Using community-generated data to deliver and track the Sustainable Development Goals at the local level


National progress can mask a disparate picture within a country, but if communities can take ownership of identifying and tracking local progress toward the Sustainable Development Goals we are in a powerful position to ensure no one is left behind.

The project, led by the Open Institute, with Development Initiatives working as the partner responsible for data quality and analysis, has begun with a pilot study into community-generated data in Lanet Umoja, Kenya. The study’s aims were simple: explore whether communities can assess and identify their own local development priorities using the Sustainable Development Goals (SDGs), and help them to generate timely and accurate data that feeds into local and national development intervention plans.
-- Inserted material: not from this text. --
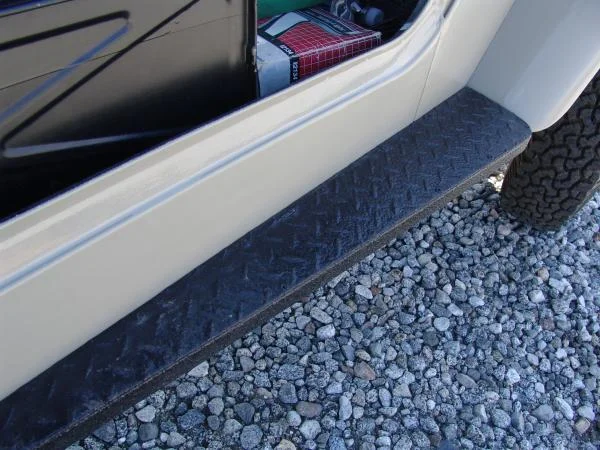 riveted aluminum diamond plate to original step but it was too bright.  sand blasted and coated with durabak.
This would help ensure the SDGs are met for their community, and that the data is available and accessible in an open format through Lanet Open County portal.

The study is due for completion in October 2016 but already it makes a strong case for the benefits of community-generated data. Two rounds of data collection covering 9,136 households have shown that this local approach is more cost-effective in collecting census data. Furthermore, the method used in this exercise demonstrates the value of collecting SDG data based on local interpretations of the Global Goals, making them more relevant to people’s aspirations for social progress. Just ten months in and already the project has led to improved buy-in to the Global Goals – a better understanding of what they are and how they can be useful as a planning and participatory tool. The project has already led to tangible changes in people’s lives – with Lanet Umoja residents drinking and cooking with clean water for the first time.

  • The community generated data on number of households and household sizes is real data, not based on a sample survey of households in the wider population.
  • Household budget data is recent and collected by knowledgeable residents, who can better cross-check the responses to expenditure module of the report. This serves to reduce reporting errors on key aspects of the survey. Household expenditure structure is not extrapolated from a large sample: rather, it is built bottom-up from the collected data as reported by each individual household. By cross-referencing with a real dependency ratio calculated from this data, consumption per capita makes more sense than when calculated across a large population using inferences based on average household sizes.
  • Overall, the database from this exercise can be built overtime to capture real social progress – in access to basic social services, for instance – and a measure of improvements to living standards in the long run.